It took Alexa Plano 17 hours to get to spend five minutes with one of her golfing idols.
Plano, 11, is no slouch in golf — she is the reigning national “Drive, Chip and Putt” girls champion for her age group.
As she took a seat Tuesday in the media center to listen to top-ranked Lydia Ko, she looked every bit her age — giddy and star-struck.
Soon after Ko finished, Plano walked up on stage to meet the Kiwi star, who is the favorite at this week’s KPMG Women’s PGA Championship at Sahalee Country Club.
“She is definitely an inspiration,” said Plano, who is from Lake Worth, Florida. “She says she tries to be an approachable person, and she has an amazing personality.”
After a few photos with Ko, Plano blushed.
“She is Lydia Ko,” Plano said. “There are no other words to describe her.”
Or just about every other word to describe this new virtuoso of women’s golf has already been exhausted.
But here’s the catch: See the two-time major winner now, because she does not plan on sticking around the sport all that much longer.
She already has a retirement age, in fact.
“Not 30s,” she said. “30.”
Of course, Ko just turned 19 last month, so her swan-song tour is 11 years away.
“It’s already my third year on (the LPGA) Tour. It’s gone by really fast,” Ko said. “In the back of my mind, I think when I get to 27, 28, I’m going to go, ‘Wow, in two years … I’ll reach my goal of retirement age.’
“But just because I’m going to retire from playing at that time, it doesn’t mean I’m going to go away from golf and not see golf ever again.”
If she sticks to that plan, Ko has a finite amount of time to accomplish the lofty goals she has set for herself — more major wins and lots of weeks as the No. 1 player in the world.

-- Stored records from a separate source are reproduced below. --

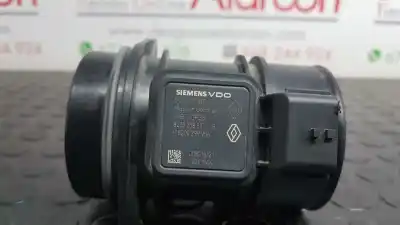 Автозапчастина б/у витратомір повітря для renault clio iii authentique посилання на oem iam 8200358901b  h8200299956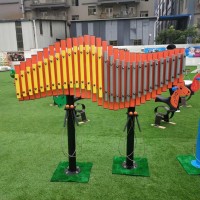 深圳戶外主題樂園打擊樂器為何成為不可缺少的游樂設(shè)備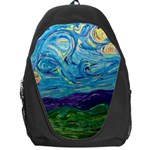 A Very Very Starry Night Backpack Bag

Look at what she has already accomplished. She has captured the past two major tournaments — the 2015 Evian Championship and the 2016 ANA Inspiration.
At last year’s Evian Championship, Ko became the youngest woman (18 years, 4 months, 20 days) to win a major, and she shot the lowest single-round score in women’s major championship history (a final-round 63).
Ko already has 17 professional wins, including 12 on the LPGA Tour. And she has made an astounding 75 cuts in 76 Tour starts.
“There’s not many bad things you can say about a girl that’s No. 1 in the world (who) is just absolutely killing us on the golf course,” American Gerina Piller said. “She’s just great for our Tour. It’s just impressive that she can come out here week in and week out and (perform well).
“I’m still working on my first win. Maybe it just comes easier for others.”
It is pretty obvious Ko has reached superstar status. She played her pro-am round Tuesday with former Mariners and future Hall of Fame outfielder Ken Griffey Jr., former U.S. Secretary of State Condoleezza Rice and KPMG chief executive officer John Veihmeyer.
Earlier this week, Ko joined actor Don Cheadle, his wife, Bridgid Coulter, and some of his friends for dinner in downtown Seattle.
Recently, Ko was named one of the 100 most famous athletes in the world by ESPN.
“It’s really cool to be in that position,” Ko said.
As the new face of women’s golf, Ko does limit her access to the public. You can’t just walk up to her and chat with her for 20 minutes.
But she says she aspires to be the best role model for younger players — like Pano, for example.
“Obviously I would love for somebody to say, ‘Hey, you played great today,’ or ‘Your putting was amazing,’ or whatever. But to me, the most favorite thing to hear is for a junior to come up and say, ‘Hey, you’re my role model, I want to be like you,’ ” Ko said.
“It pushes me to get better. And it makes me enjoy it more and more.”
Ko also is savvy enough to take a few jabs from LPGA Tour chief communications officer Kraig Kann, who sat with her during her a news conference Tuesday — and roll with them.
“Life moves quickly,” Kann said. “I want to focus on you at 30 in that rocking chair.”
“With a walking stick,” Ko added with a smile.